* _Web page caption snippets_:
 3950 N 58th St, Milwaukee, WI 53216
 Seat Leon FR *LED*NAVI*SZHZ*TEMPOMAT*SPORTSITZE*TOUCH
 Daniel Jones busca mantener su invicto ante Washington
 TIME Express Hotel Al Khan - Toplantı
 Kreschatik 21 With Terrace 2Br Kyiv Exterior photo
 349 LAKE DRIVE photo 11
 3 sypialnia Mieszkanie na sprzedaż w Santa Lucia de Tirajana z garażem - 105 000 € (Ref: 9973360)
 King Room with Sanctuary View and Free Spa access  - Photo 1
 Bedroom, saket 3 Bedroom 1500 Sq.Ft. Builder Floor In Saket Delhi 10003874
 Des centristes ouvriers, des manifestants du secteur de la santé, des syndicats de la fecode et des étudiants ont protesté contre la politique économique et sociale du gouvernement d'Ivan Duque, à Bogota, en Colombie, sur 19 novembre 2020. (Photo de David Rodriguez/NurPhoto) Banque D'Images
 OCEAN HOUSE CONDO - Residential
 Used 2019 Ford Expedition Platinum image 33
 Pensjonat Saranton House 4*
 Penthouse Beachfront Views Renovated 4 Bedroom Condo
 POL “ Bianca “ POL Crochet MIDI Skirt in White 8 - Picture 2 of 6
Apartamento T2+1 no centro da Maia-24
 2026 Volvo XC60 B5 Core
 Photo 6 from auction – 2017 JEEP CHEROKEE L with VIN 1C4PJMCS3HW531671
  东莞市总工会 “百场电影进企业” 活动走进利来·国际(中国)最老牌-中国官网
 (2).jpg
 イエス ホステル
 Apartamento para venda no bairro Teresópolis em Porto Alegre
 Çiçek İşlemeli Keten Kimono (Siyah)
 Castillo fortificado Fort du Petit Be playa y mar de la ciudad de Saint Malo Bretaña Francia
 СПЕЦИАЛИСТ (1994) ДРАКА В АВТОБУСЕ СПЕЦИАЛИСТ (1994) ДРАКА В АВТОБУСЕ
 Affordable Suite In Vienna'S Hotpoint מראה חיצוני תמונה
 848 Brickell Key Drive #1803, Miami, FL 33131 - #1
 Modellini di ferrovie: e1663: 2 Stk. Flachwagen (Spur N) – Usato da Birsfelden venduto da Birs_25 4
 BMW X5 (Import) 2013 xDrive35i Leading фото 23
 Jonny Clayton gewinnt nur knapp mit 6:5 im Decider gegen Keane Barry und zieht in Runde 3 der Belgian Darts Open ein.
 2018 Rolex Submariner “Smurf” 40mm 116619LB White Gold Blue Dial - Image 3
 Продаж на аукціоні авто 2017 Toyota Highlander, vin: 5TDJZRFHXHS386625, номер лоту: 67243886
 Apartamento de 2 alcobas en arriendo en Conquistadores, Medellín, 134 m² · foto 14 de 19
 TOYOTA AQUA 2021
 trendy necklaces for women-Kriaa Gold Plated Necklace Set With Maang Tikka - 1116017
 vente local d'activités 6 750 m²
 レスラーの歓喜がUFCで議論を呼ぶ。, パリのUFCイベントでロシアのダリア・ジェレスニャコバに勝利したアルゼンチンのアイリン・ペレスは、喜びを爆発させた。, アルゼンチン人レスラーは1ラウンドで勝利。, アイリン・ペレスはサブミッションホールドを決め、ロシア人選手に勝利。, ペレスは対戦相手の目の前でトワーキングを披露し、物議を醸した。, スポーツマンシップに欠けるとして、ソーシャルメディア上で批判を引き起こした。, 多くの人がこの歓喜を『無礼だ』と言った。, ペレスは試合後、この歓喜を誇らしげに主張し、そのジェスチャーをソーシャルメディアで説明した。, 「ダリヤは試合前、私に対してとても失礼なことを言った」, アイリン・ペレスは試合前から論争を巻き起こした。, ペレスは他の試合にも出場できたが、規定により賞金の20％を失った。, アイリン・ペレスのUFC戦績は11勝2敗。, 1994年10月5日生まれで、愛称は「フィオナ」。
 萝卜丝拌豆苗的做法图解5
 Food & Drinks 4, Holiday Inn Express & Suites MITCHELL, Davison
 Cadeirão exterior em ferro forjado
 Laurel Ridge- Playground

* _Work instruction_:
Please say how many lines in the records above contain the word "Bedroom". Give the number alone.

* _Expected answer_:
2